En México existen numerosos métodos para determinar, con mucha aproximación, el valor real de la fuerza de trabajo. El más conocido es el llamado de la “canasta básica”. La “canasta básica”, como todos saben, no es más que el conjunto de mercancías, servicios y necesidades indispensables para que viva una familia obrera. Ningún lujo, ningún desperdicio, sólo lo estrictamente necesario para vivir como seres humanos. Pues bien, esa “canasta básica” vale en nuestros días un promedio de doscientos cincuenta pesos diarios,  y ese debería ser, por tanto, el salario mínimo del obrero. Pero la realidad es que los obreros mejor pagados, que son una ínfima minoría, ganan entre tres y cuatro “salarios mínimos”, es decir, de 150 o 200 pesos diarios. Por tanto, los  “privilegiados”, nuestra “aristocracia obrera”, está 50 pesos por debajo de la canasta básica. Y ¿qué pasa con los que ganan menos? ¿Y con los trabajadores eventuales? ¿Y con los desempleados, autoempleados y mendigos disfrazados de boleros, vendedores de baratijas en los cruceros, limpia parabrisas y demás marginados sociales?

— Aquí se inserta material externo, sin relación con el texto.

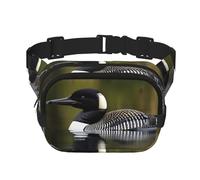 Loon Nature Bird Print Waist Pack Square Waist Bag Workout Hiking Running Travel Gym Pretty Zipper Fashion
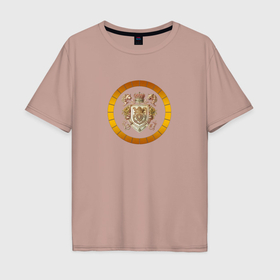 Мужская футболка хлопок Oversize с принтом Герб с короной и волками в Курске, 100% хлопок | свободный крой, круглый ворот, “спинка” длиннее передней части | 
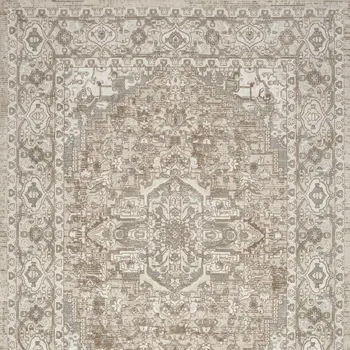 5' X 7' Beige and Ivory Medallion Power Loom Distressed Area Rug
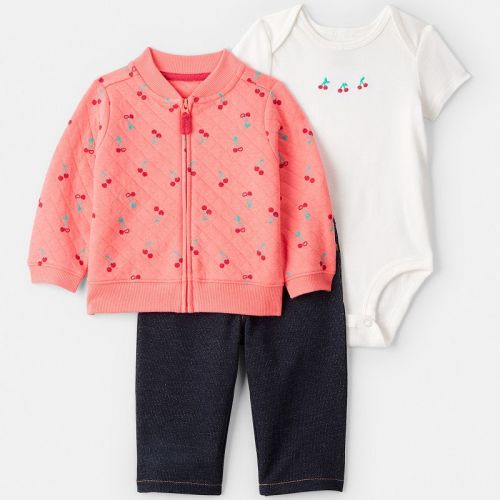 Baby Girl Carter's 3-pc. Cherry Quilted Cardigan, Bodysuit & Pant Set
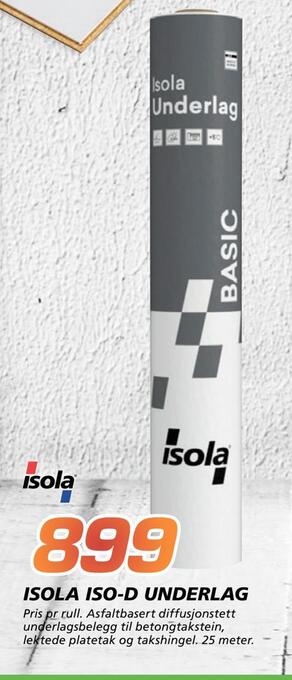 Coop Byggmix Isola iso-d underlag tilbud
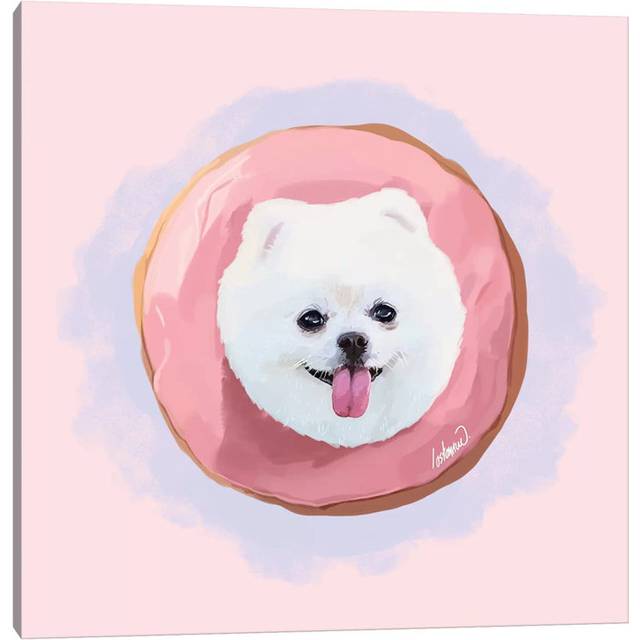 Pomeranian Strawberry Donut by Lostanaw - Wrapped Canvas Graphic Art (45.72 cm H x 45.72 cm W x 3.175 cm D)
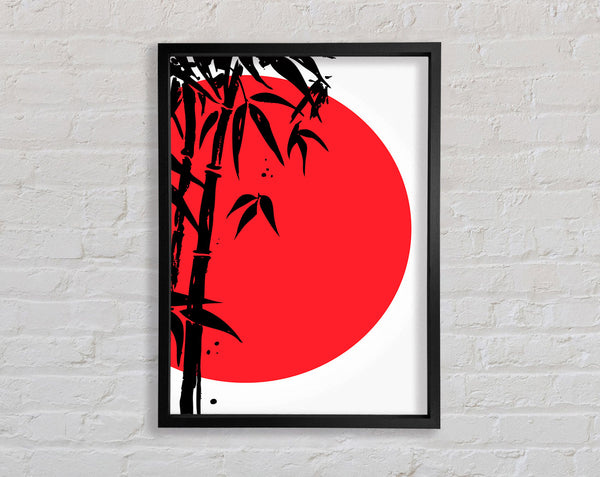 Rote Sonne durch den japanischen Bambus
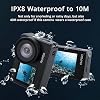 akaso action cam 4k 20mp wifi underwater camera ipx8 waterproof action camera ice 2.0 with touch screen zoom voice control external microphone and 2x1350mah batteries kit-brave 7 (gray)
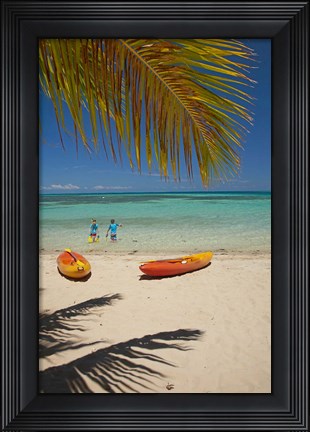 Framed Beach, Plantation Island Resort, Malolo Lailai, Fiji Print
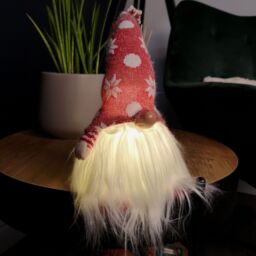Samuel Alexander 56cm Battery Operated Light Up Christmas Standing Gonk Decoration in Red - thumbnail 3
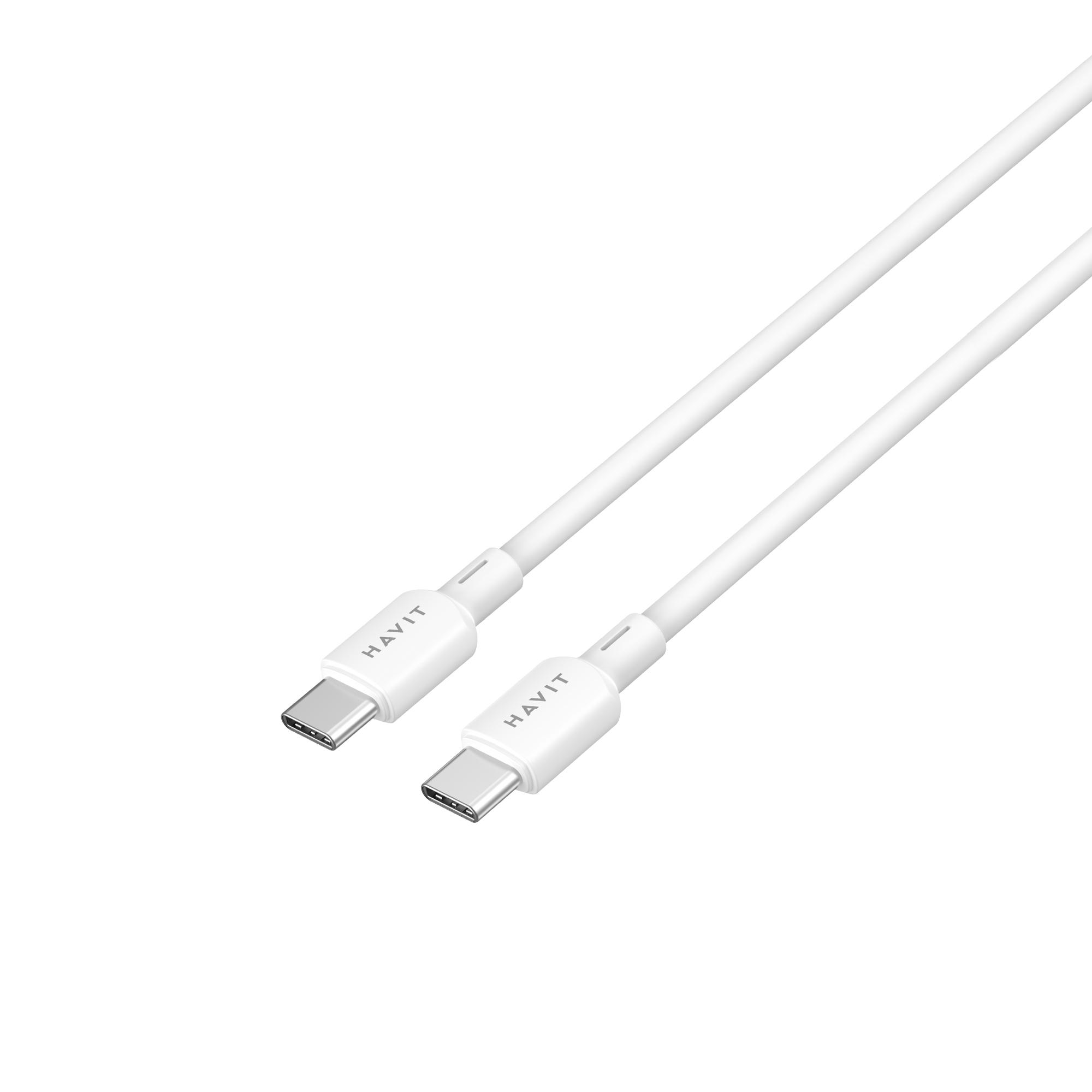 Кабель USB-C - USB-C HAVIT CBX310 PD60W 3A 2м White — фото 4 з 4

Debo ser sincero y confesar que no conozco datos duros sobre la situación salarial en el SME. Pero si tomamos en cuenta lo que ocurre en todo el país y su propio reclamo original del 30% de aumento, no es un abuso suponer que no están precisamente en el paraíso y que, por lo menos la mayoría de ellos, están por debajo del valor de la canasta básica. Y entonces ¿por qué no lucharon por su demanda original? ¿Los convencieron de que “no hay dinero” y de que sería antipatriótico paralizar una empresa “que es de todos”? ¿Los líderes se vieron en el espejo de Napoleón Gómez Urrutia y prefirieron no correr el riesgo? No lo sé. Pero lo que sí es evidente es que exigir aumentos de salarios, reclamar con números en la mano que en México se respete la propia ley capitalista del intercambio de equivalentes, es algo absolutamente justo y necesario si queremos por lo menos aminorar la tremenda injusticia social que nos ahoga. Pero es, además, una tarea patriótica, porque eso sí obligaría al capital mexicano a desarrollarse, a modernizarse y a ponerse a la altura de los mejores del mundo; esa sí sería una medida enérgica y de rápidos resultados para hacer de México el país competitivo y “ganador” que promete el Presidente Calderón. Por eso, ¡qué lástima que los obreros electricistas dejaran ir una buena oportunidad para darnos a todos una lección de valor y patriotismo que mucha falta nos hace!